Friday, October 07, 2011

Quote of the day: on the party of NO

At a Senate Judiciary Committee hearing:

[Lindsey] Graham asked them how many votes they received at their confirmations.
"Ninety-eight," Scalia said.
"Eighty-seven," Breyer followed.
With that, Graham had made his point to his colleagues.

Interesting, right?  Justice Scalia who gets on most Democrats' nerves every single time was practically unanimously confirmed.  Then later during Clinton's tenure, when obstructionism seriously began, Breyer's confirmation generated a lot more no votes.  And now, we are pathetically down to party-line voting, to oppose for the sake of opposing.

The context for Graham to ask that question was this:

One of the sole Republicans to have voted in favor of both Sotomayor and Kagan, Graham looked directly into C-Span's cameras on Wednesday to tell those watching that nominations are a "political decision" and, accordingly, the Senate should accept the consequences of elections and vote for competent judges even if their philosophies don't line up with those of the senator's political party.
 
Good luck with getting that idea across to the Grand Obstructionists Party.
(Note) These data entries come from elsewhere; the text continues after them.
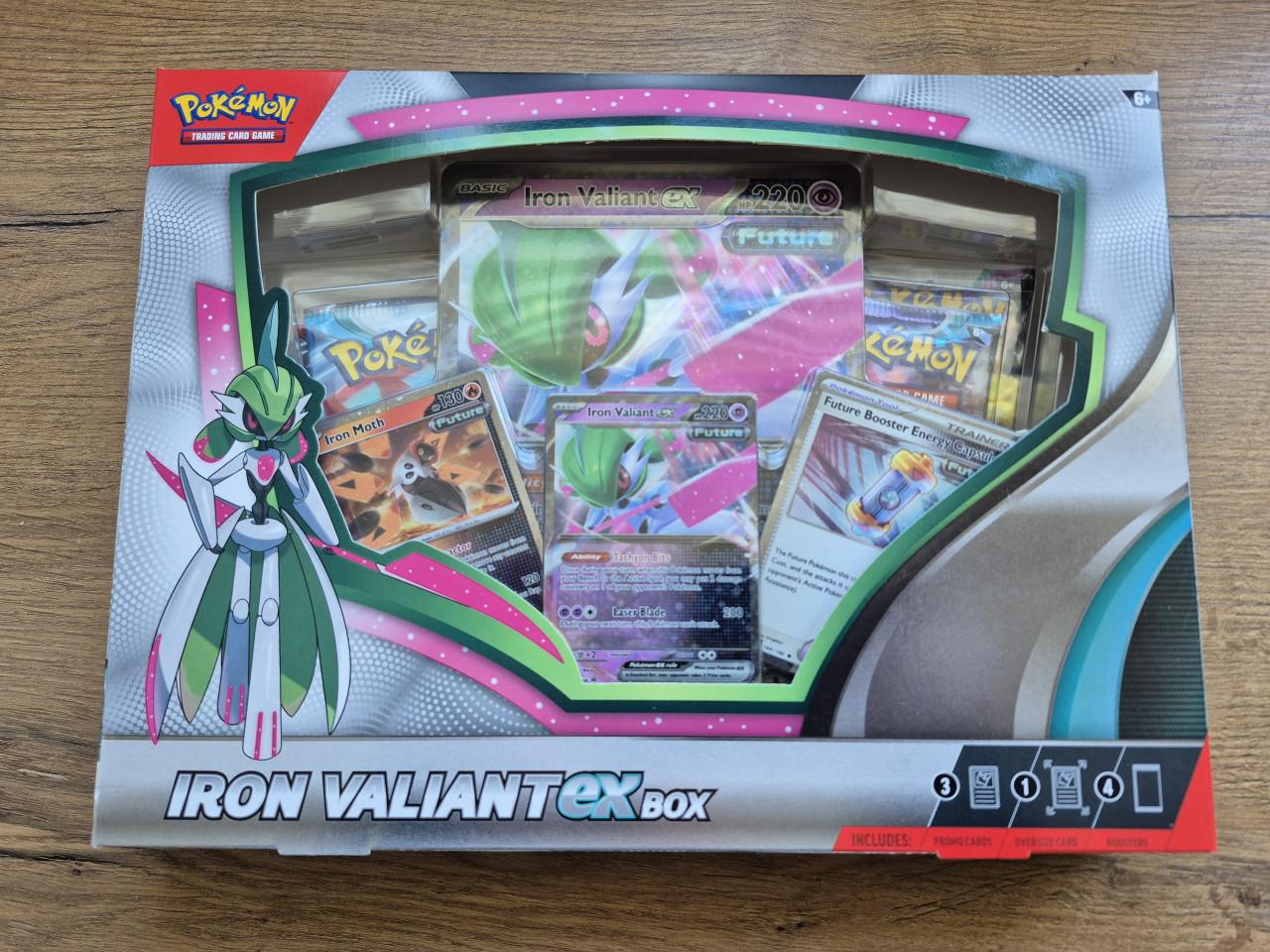 Pokemon Box - Iron Valiant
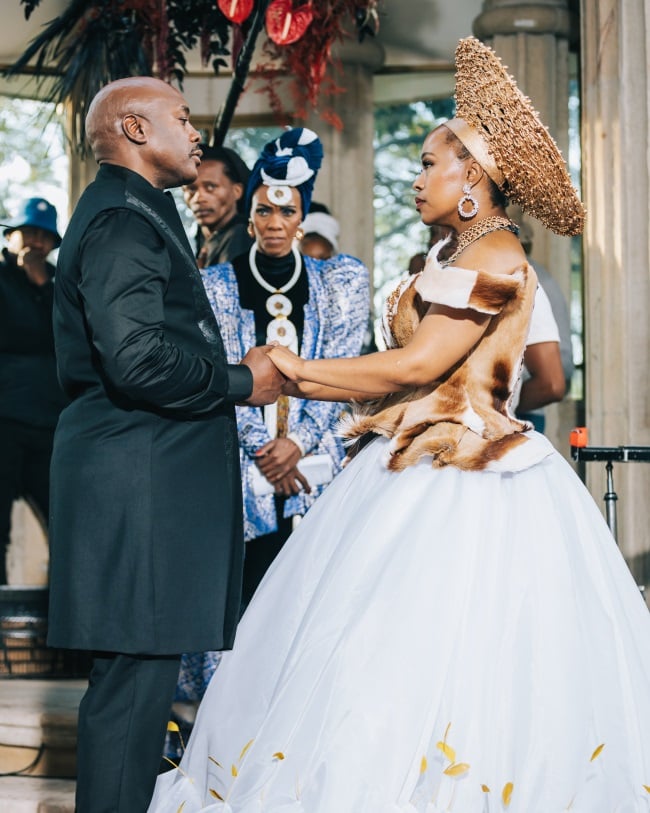 A look inside Lindiwe and Bangizwe's wedding celeb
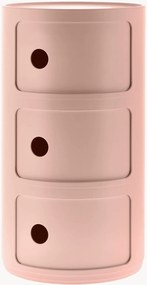 Armário de design Componibili, 3 elementos, Alt 59 cm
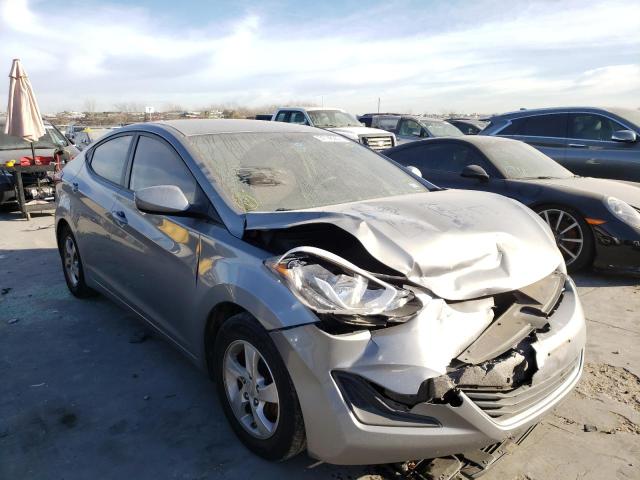 HYUNDAI ELANTRA SE 2014 kmhdh4aexeu118113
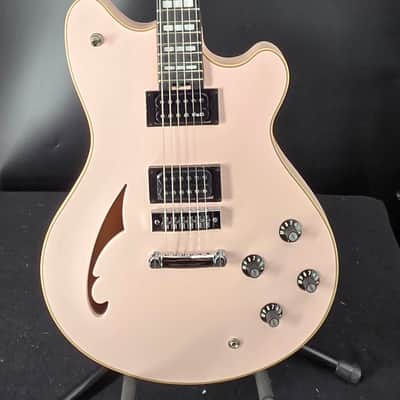 EVH Limited Edition SA-126 Special, Ebony Fingerboard, Satin Shell Pink image 2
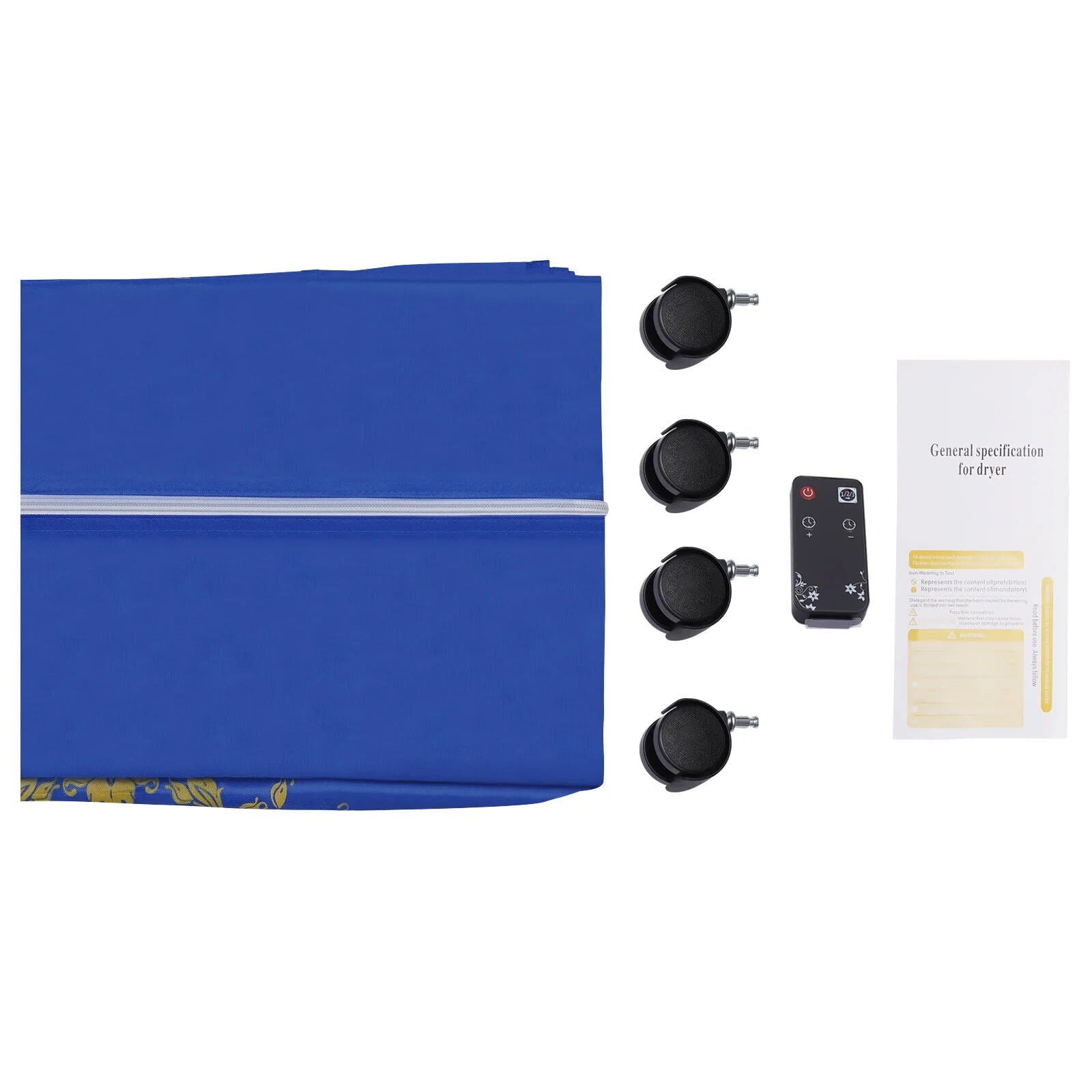 Portable Electric Clothes Dryer with Temperature Controller L766689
Dahlia Lithwick writes that the joint appearance by Breyer and Scalia is all the more the evidence that the US Supreme Court proceedings ought to be televised:

the two justices killed before the Judiciary Committee, raising the question anew: Why don’t they do this every week? Why are they hiding this great light under a marble bushel? A new Gallup poll shows that the Supreme Court’s approval rating is at a nearly historic low—only 46 percent of respondents approve of the high court, while 40 percent disapprove. That’s a 15-point drop from the recent high of 61 percent in 2009. Politico notes that the lowest approval recorded by Gallup was in 2005, at 42 percent.
On the one hand, the justices of the court shouldn’t care what the polls say. On the other, they really do. And Wednesday’s outing—proving that even ideologically opposed justices can riff about the Constitution, agree about more than they disagree, and call each other “Nino” and “Steve”—can only reassure the American public that there is nothing fearsome, elitist, or threatening about the courts.